#### ASSIGNMENT
Give again, exactly and without pictures, the lines running from the line with "6005 Christy Lane Gallery 8" to the end of the records below.

(Collected data)
----
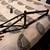BMX frame 1 thumbnail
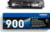 Brother TN900BK tootepilt 1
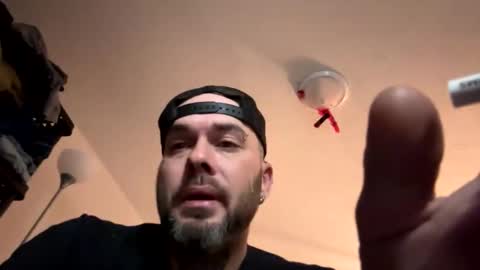 ontarioman66 online show from 01-13-25, 04:28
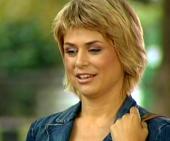 ��. 29 - �������� �� ��������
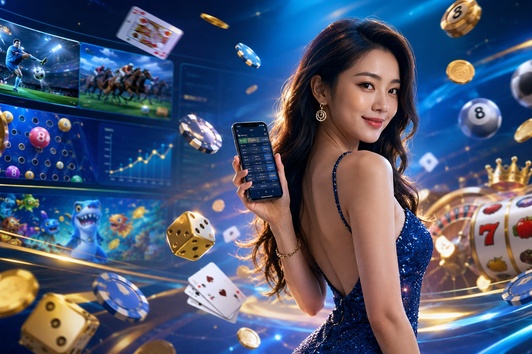 caxeng2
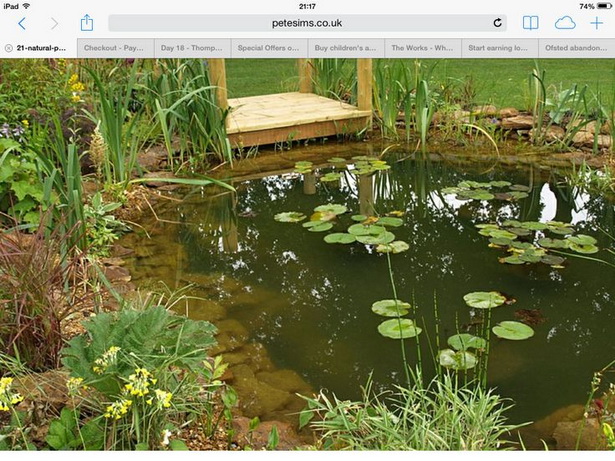 wildlife-pond-design-20_8 Дизайн на езеро за диви животни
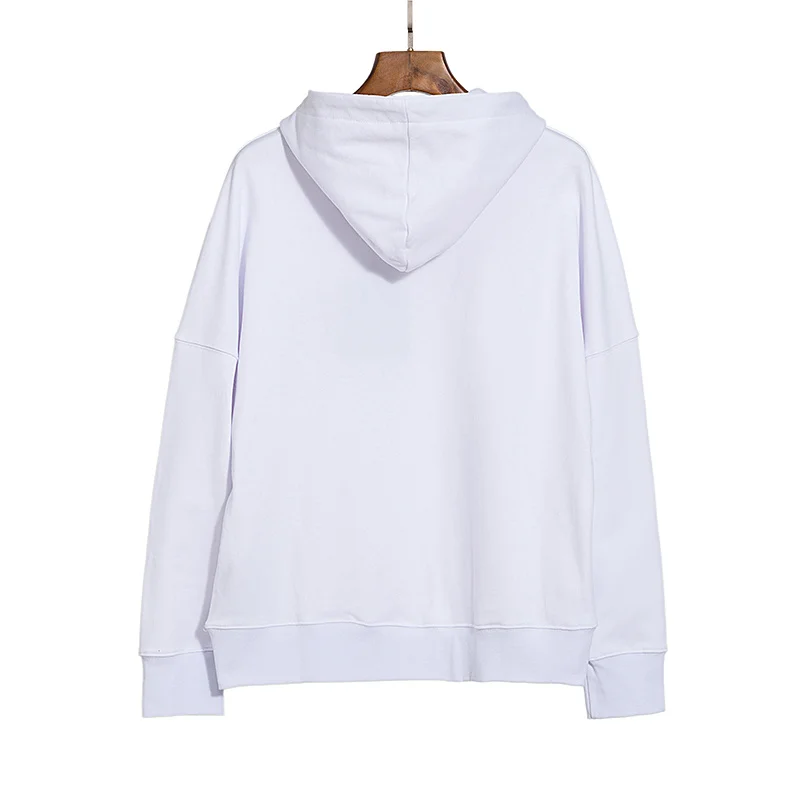 

Palm Angels Sweatshirt Loose Men's Loose Couples Hoodie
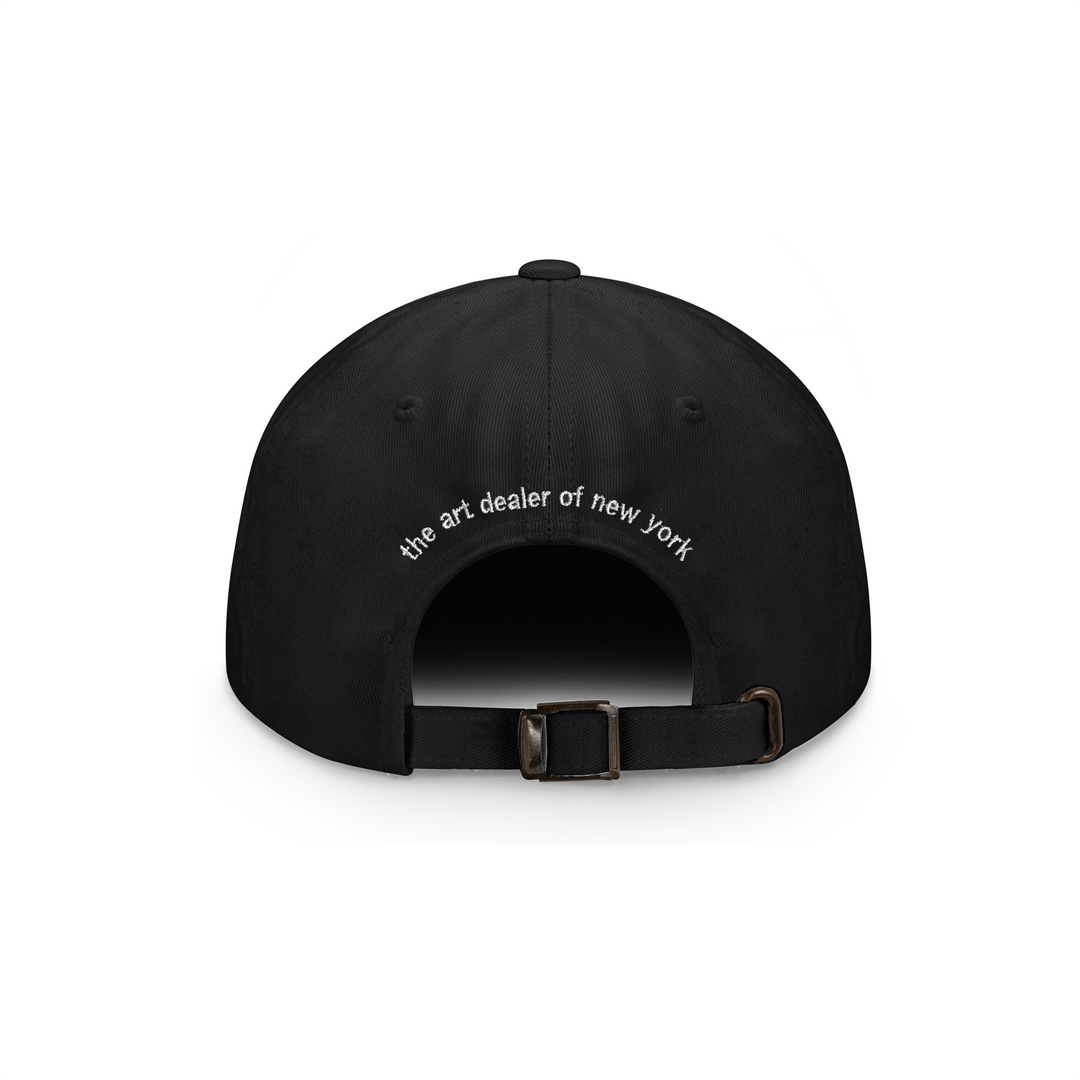 cap B326C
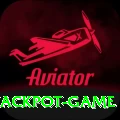 Pak Jackpot Game Apps (Tools & Injectors) Premium v2.9.5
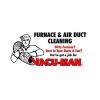 Photo for Vacu-Man Furnace & Air Duct Cleaning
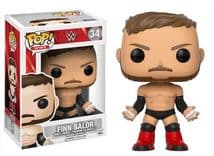 finn balor wwe 34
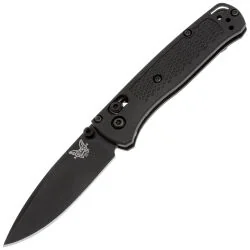 Нож Benchmade Bugout 535BK-2 | Магазин ножей Forest-Home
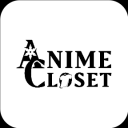 Anime Closet Business Discord server icon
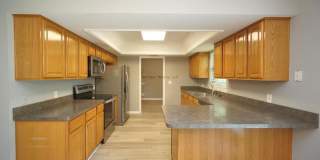 6005 Christy Lane Gallery 8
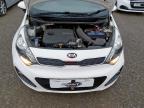 2013 KIA RIO 1.1 CRDI 2 ECODYNAMICS 5DR for sale at Copart YORK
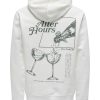 Only&Sons Hoodie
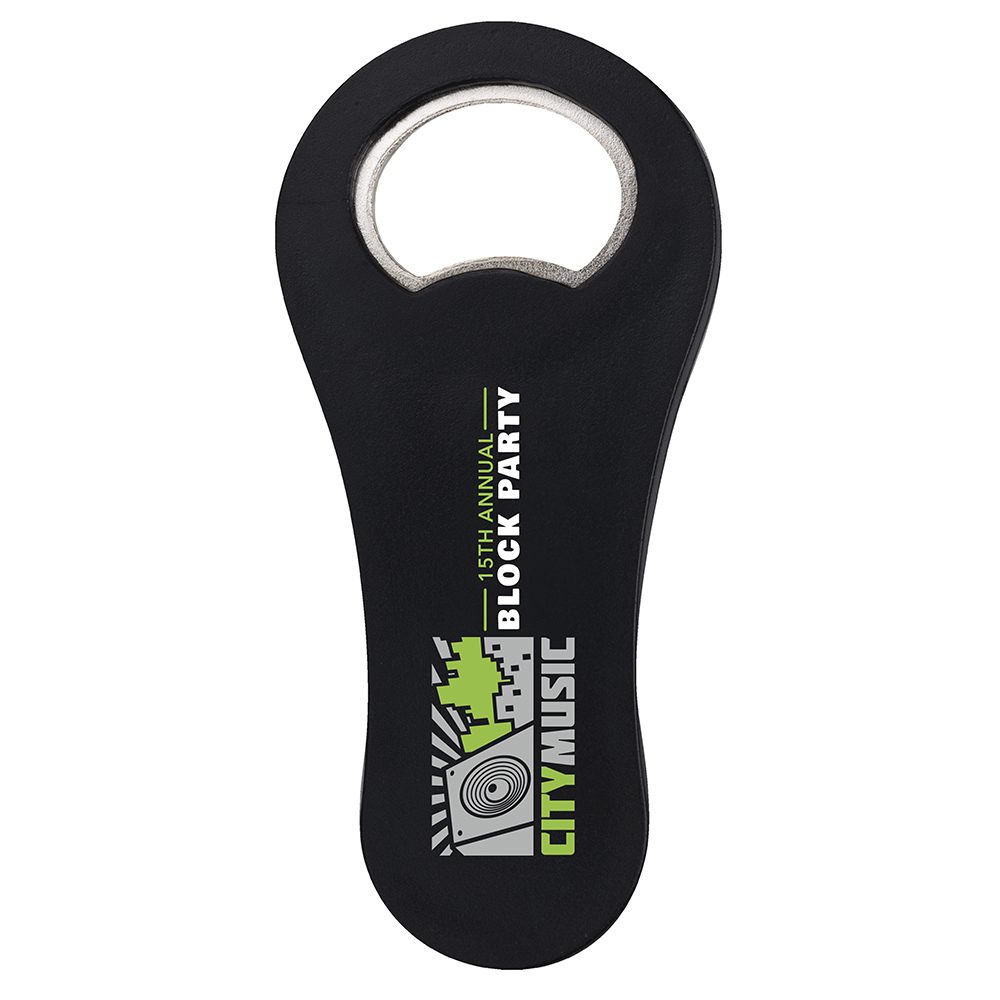 Dynamic Promotional Bottle Opener – Dynamic Tools Online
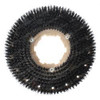 56505782: Aftermarket American Lincoln Brush - 15 In .050/80 Grit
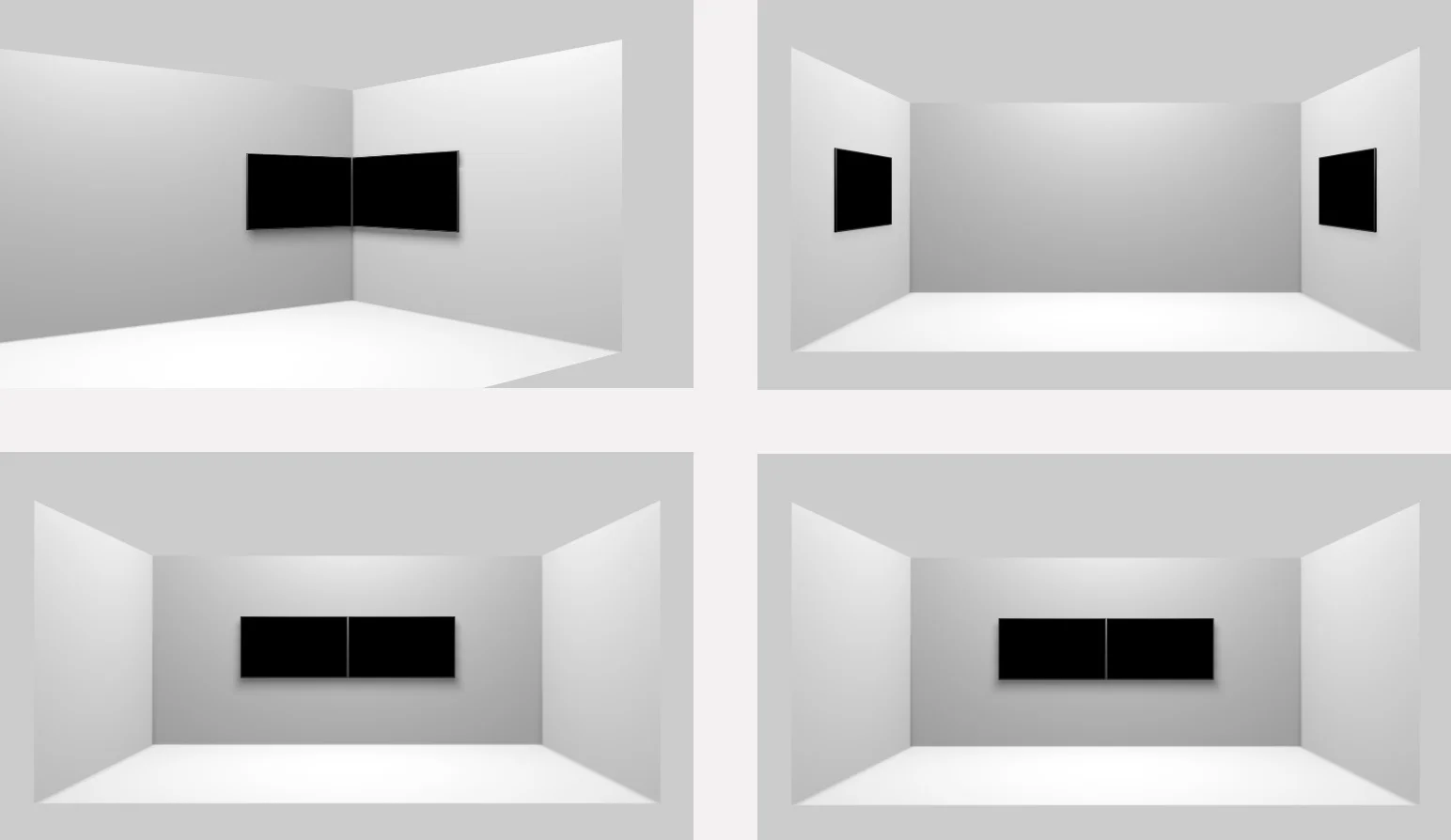 Screen+Shot+2019-01-11+at+4.47.42+PM.jpg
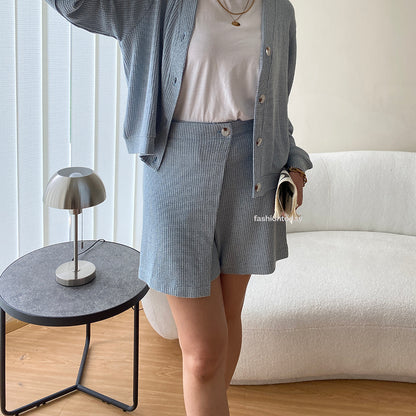Fiona Skort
----
#### RESPONSE AREA
 6005 Christy Lane Gallery 8
 2013 KIA RIO 1.1 CRDI 2 ECODYNAMICS 5DR for sale at Copart YORK
 Only&Sons Hoodie
 Dynamic Promotional Bottle Opener – Dynamic Tools Online
 56505782: Aftermarket American Lincoln Brush - 15 In .050/80 Grit
 Screen+Shot+2019-01-11+at+4.47.42+PM.jpg
Fiona Skort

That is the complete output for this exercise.